Imagine you’re an engineer working on a new product feature that is going to have a high impact on the end user, like the Dropbox Badge. You want to get quick validation on the functionality and utility of the feature. Each individual change you make might be relatively simple, like a tweak to the CSS changing the size of a font, or more substantial, like enabling the Badge on a new file type. You could set up user studies, but these are relatively expensive and slow, and are a statistically small sample size. Ideally, you write some code, add it to the codebase, have it tested automatically, and then release it immediately to some users so you can gather feedback and iterate.

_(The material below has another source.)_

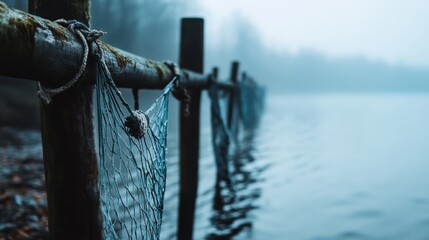 An old fishing net hangs from wooden posts over a misty lake, creating a tranquil and nostalgic lakeside scene.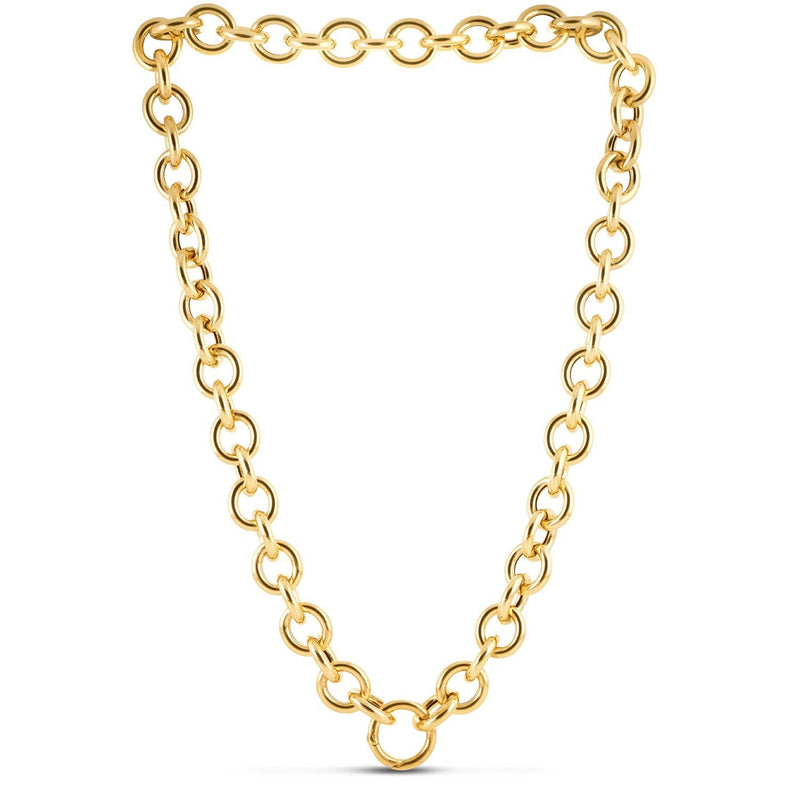 Bids.com 14k Yellow Gold Round Link Chain Necklace Necklaces White Smoke 18 / Yellow Gold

Now imagine you’re the engineer responsible for maintaining the code platform. Every code change and every new version requires you or someone on your team to do a piece of work. You need to make sure that any random commit doesn’t break the development environment for everyone, that the machines that compile code are up and running, and that mysterious bugs are found and routed to the correct engineer to fix before a new version is released to the world. For the Dropbox Desktop Client, this also means keeping up lightning-fast sync rates, making sure core workflows (like sign-in) still function, and minimizing crashes. Ideally, you want to minimize manual operations work, and you want product quality to be high.
This can create conflict. The product engineer wants to release as quickly as possible, with ambitious new ideas. The platform engineer doesn’t want to stay until 10pm everyday to make that happen, or to have to constantly say no to the product engineer because changes are too risky to product quality. How do we keep these two types of people in harmony?
At Dropbox, the Desktop Client development and deployment schedule previously took 8 weeks per major release, with more than 3 full time engineers required to orchestrate everything. The experience was unpredictable for engineers, because there were frequent rollbacks and delays, and it took a lot of time to figure out and fix the source of new bugs and test failures. It would take up to 3 days before a product engineer’s code reached an internal user and 10-18 weeks before it was fully released.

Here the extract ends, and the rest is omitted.